Fall and Fractures Prevention

Status
Completed
Phase
Not Applicable
Locations
Canada
Study Type
Interventional
Intervention
Identification of patients at risk, tailored exercise prescription, motivational interviewing, review of behavioural outcomes
Sponsored by
University of Waterloo
About
Eligibility
Locations
Arms
Outcomes
Full info

About this trial

This is an interventional prevention trial for Fall and Fractures Prevention focused on measuring Falls, Fractures, Osteoporosis, Frailty, Older Adults.

Eligibility Criteria

65 Years - undefined (Older Adult)All SexesDoes not accept healthy volunteers

Inclusion Criteria:

  • > age 65
  • Patient of the Centre for Family Medicine Family Health Team (CFFM FHT)

Have at least one of the following:

  • 2 or more falls in the past 12 months
  • age 75 +
  • high risk of fracture based on the CAROC
  • difficulty with walking or balance as determined by attending physician
  • acute fall
  • history of a fragility fracture after the age of 50

Exclusion Criteria:

  • moderate to severe cognitive impairment
  • moderate to severe neurologic impairment
  • not able to communicate in English
  • contraindications to exercise as determined by physician
  • uncontrolled hypertension
  • palliative care, current cancer, on dialysis
  • participation in a similar exercise program including resistance training at least 3 times a week

Sites / Locations

  • Centre for Family Medicine (CFFM)

Arms of the Study

Arm 1

Arm Type

Other

Arm Label

Identify Patients at Risk/Exercise Prescription

Arm Description

The intervention was delivered in two visits and two follow-up phone calls.
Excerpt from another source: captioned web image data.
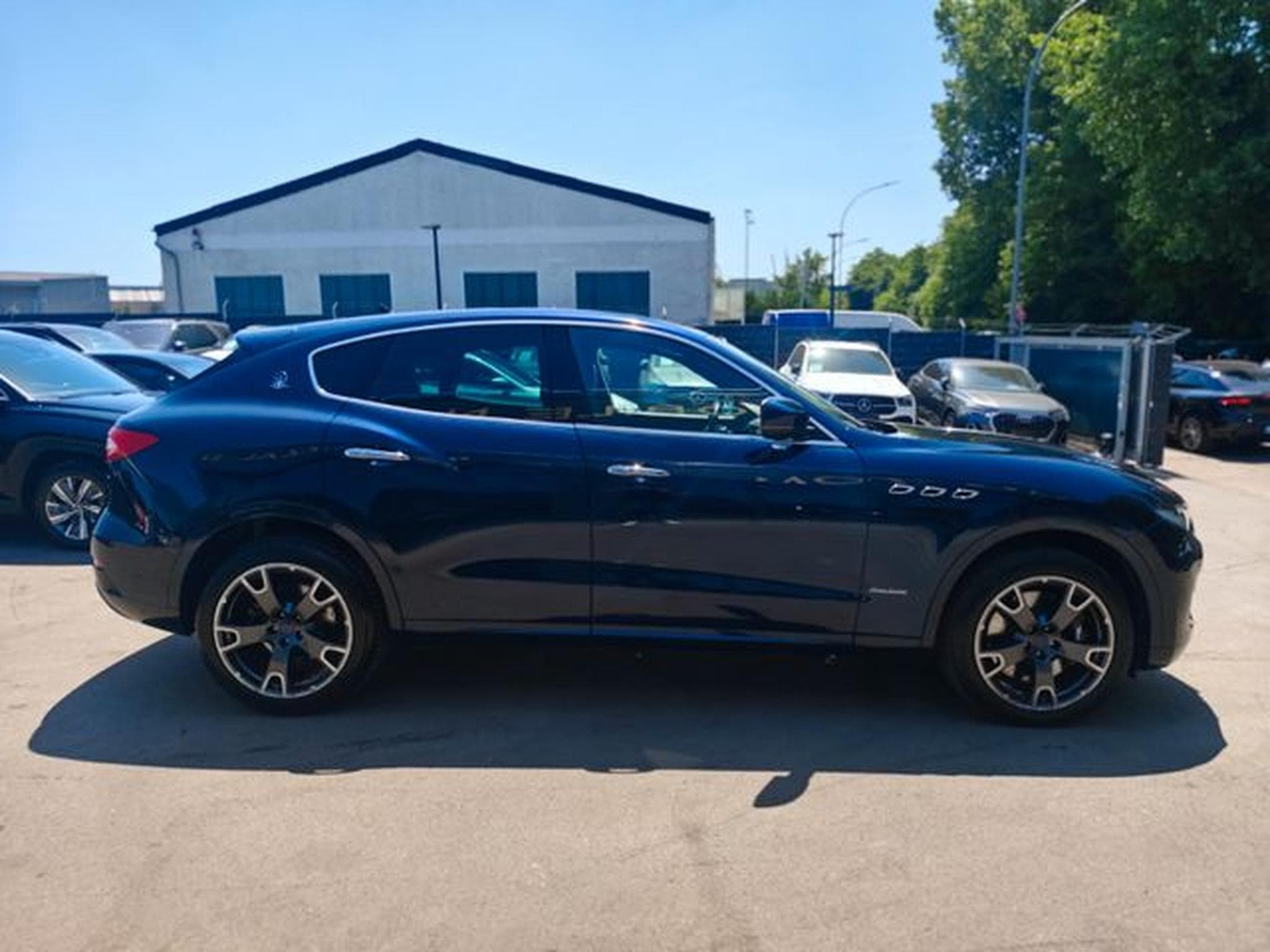 Maserati Levante LEVANTE DIESEL *PANO*AUT*LEDER*NAVI*KAM*LUFT* (2019) - Photo 13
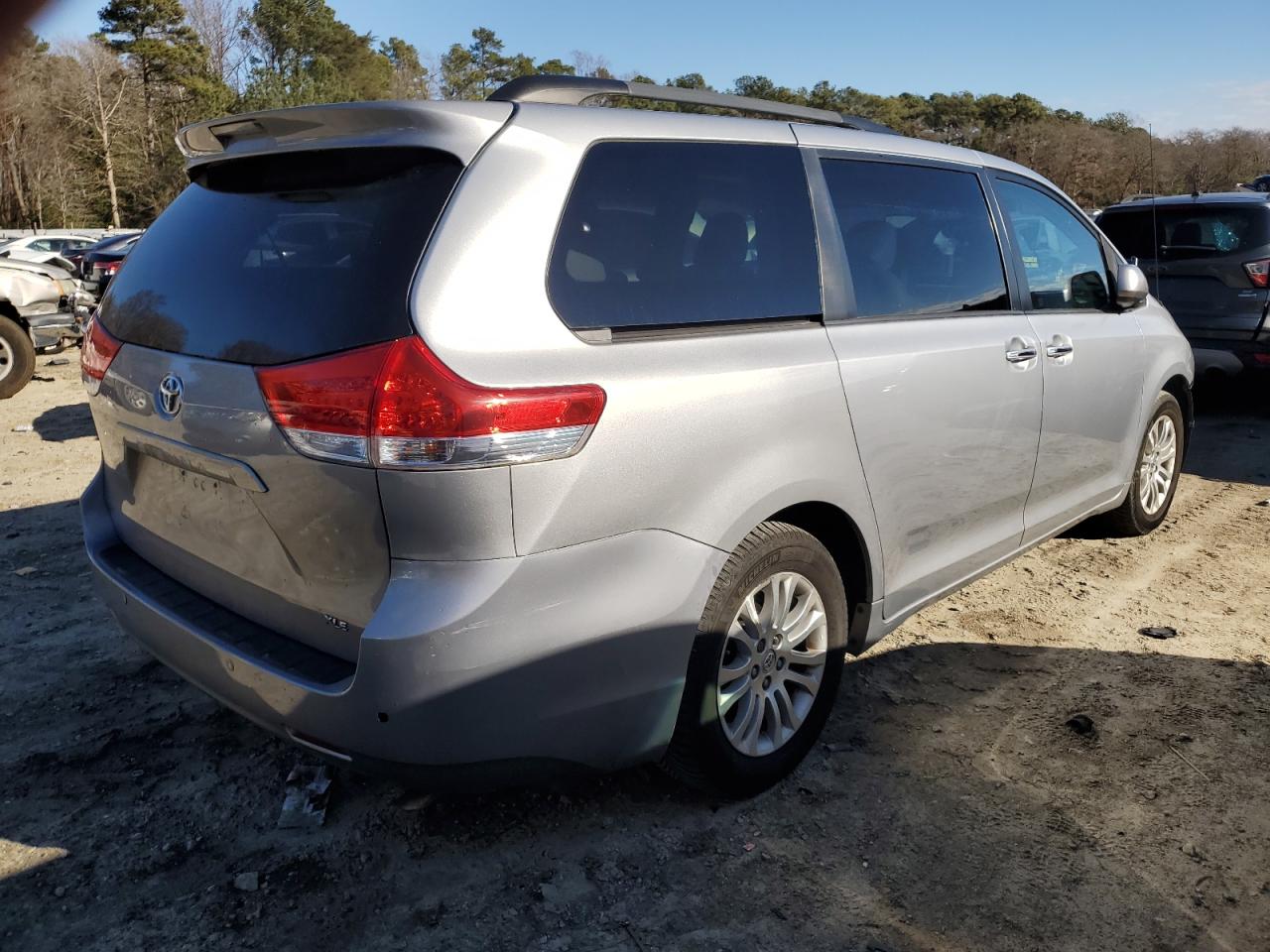 2014 Toyota Sienna VIN 5TDYK3DC5ES416407 Copart auction photo, frame damage / mechanical damage thumbnail 3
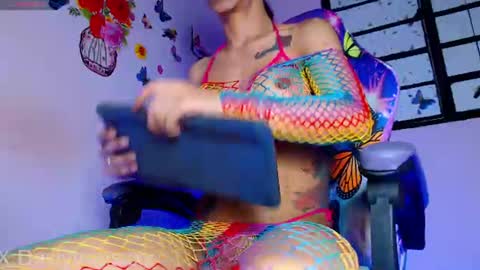 Dasly online show from June 25, 2:11 am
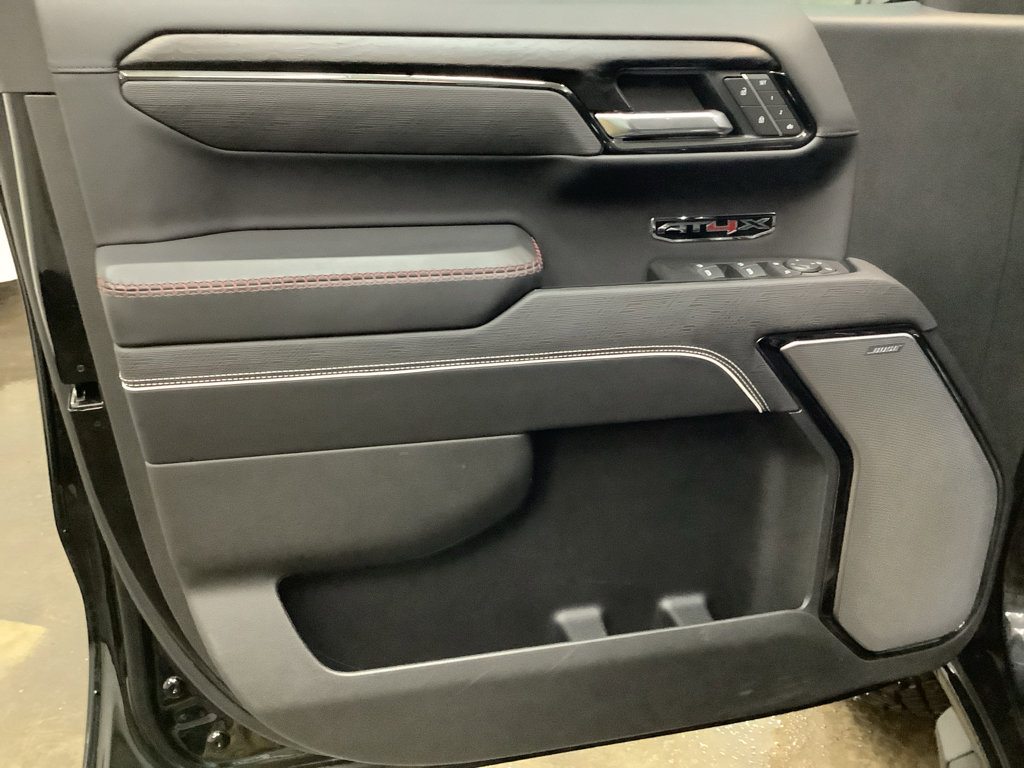 Used 2025 GMC Sierra 1500 AT4X image 14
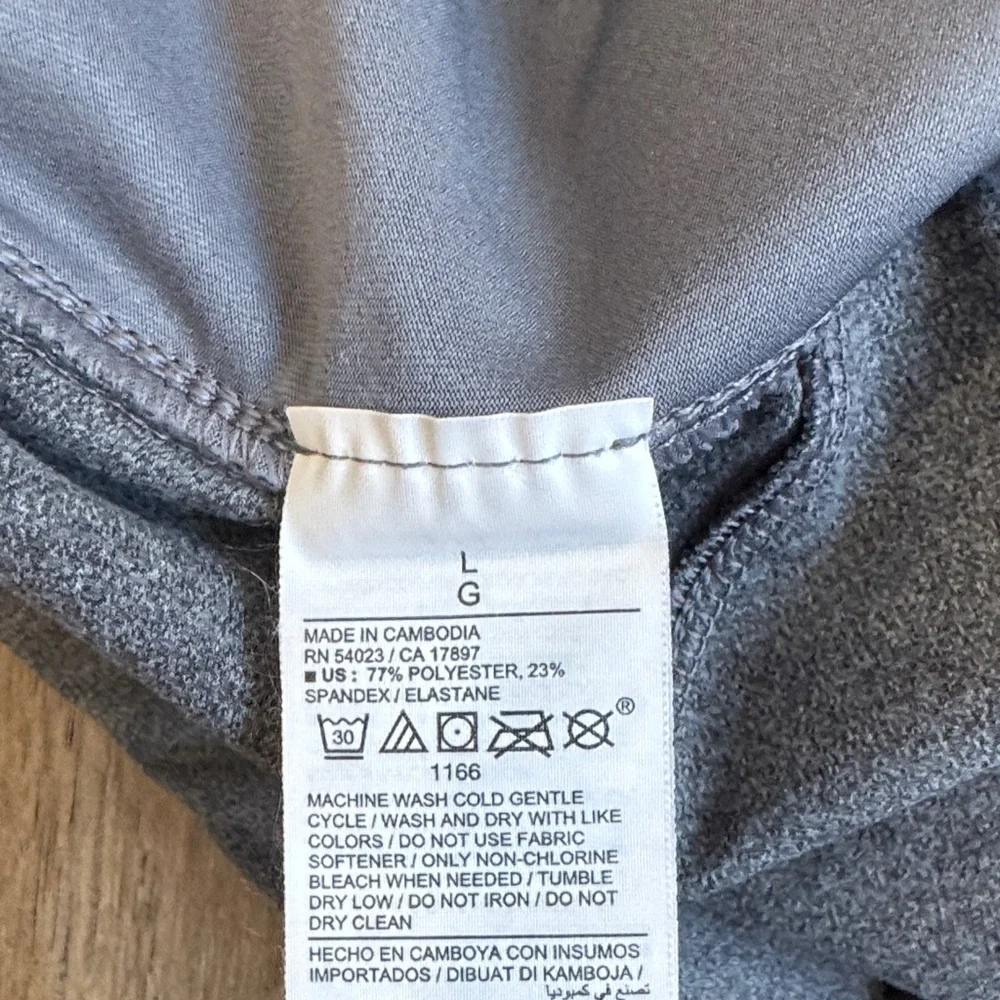 Old Navy Powersoft High Rise Go Dry Shorts Womens Size Large - Picture 3 of 5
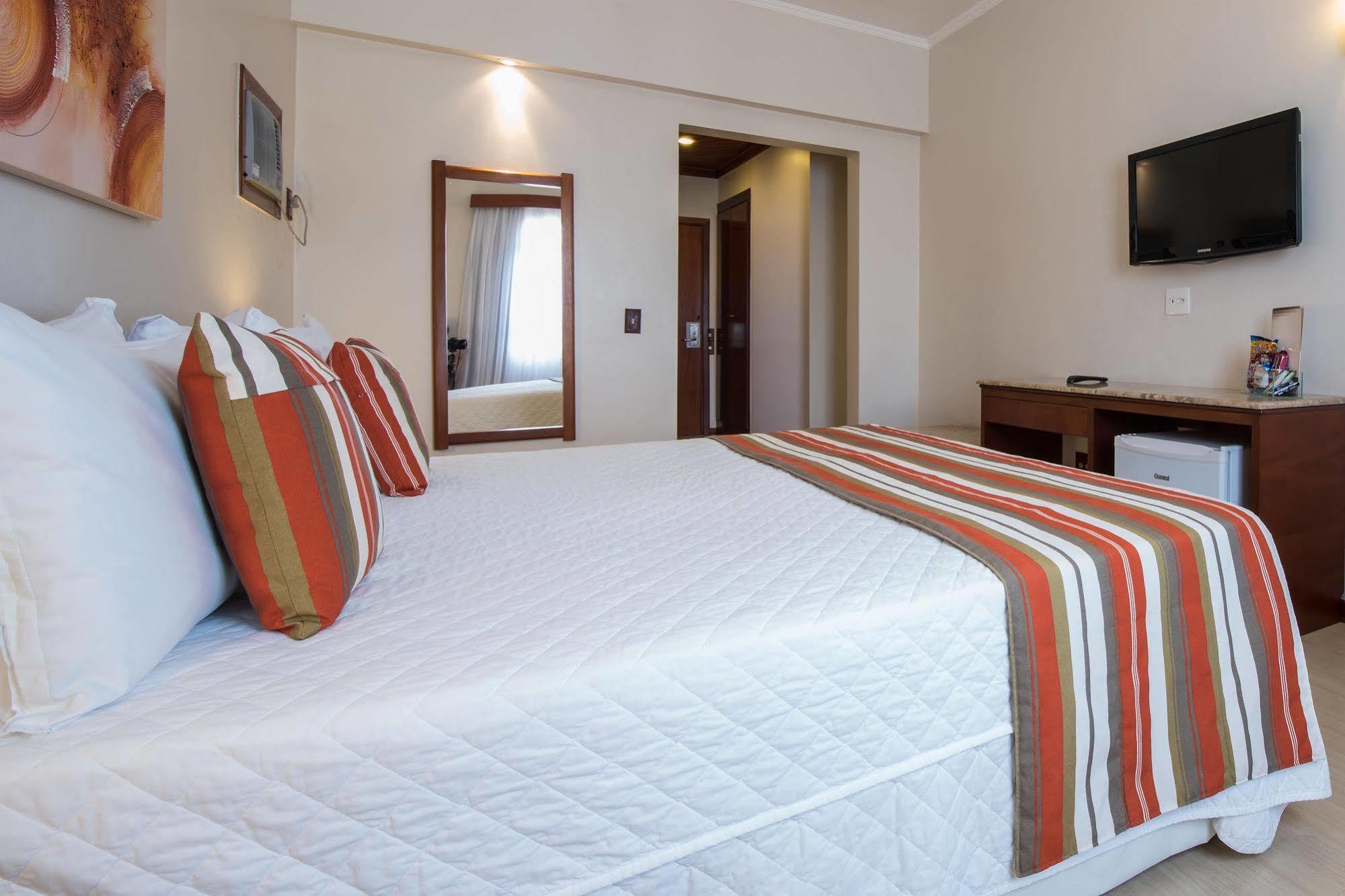 Hotel Carlton Plaza Poços de Caldas Exteriér fotografie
Physician identifies that the patient is at risk of falls or fractures Visit one: individualized exercise prescription by a physiotherapist. Visit two: motivational interviewing (behavioural counselling) by kinesiologist Phone call 1 and 2: Kinesiologist reviews behavioural components (action planning, coping planning, coping self-efficacy, intentions.

Outcomes

Primary Outcome Measures

Physical Activity (Reporting Change in Physical Activity From Baseline to Six-week Follow-up)
The X2-Mini accelerometer (Gulf Coast Data Concepts.,USA) is a three-dimensional sensor that is used to capture the activity levels of an individual. The accelerometer is worn on the hip of the participant for four days. The number of minutes that the individual spends in each exercise intensity category is acquired. Accelerometer thresholds make up four categories of activity: (1) sedentary; (2) low-light; (3) high-light; (4) moderate-vigorous. Activity monitors have been indicated as the most accurate means of measuring physical activity levels.
Physical Activity (Self-report) (Reporting Change in Physical Activity From Baseline to Six-week Follow-up)
Participants complete a physical activity log book daily in order to document their completion of the prescribed exercises and list any additional activities that they may have been engaged in. The percentage of prescribed exercises completed are reported (for e.g. if participants completed 2 of 3 prescribed exercise then the reported percentage would be 67%). Mean (SD) are reported.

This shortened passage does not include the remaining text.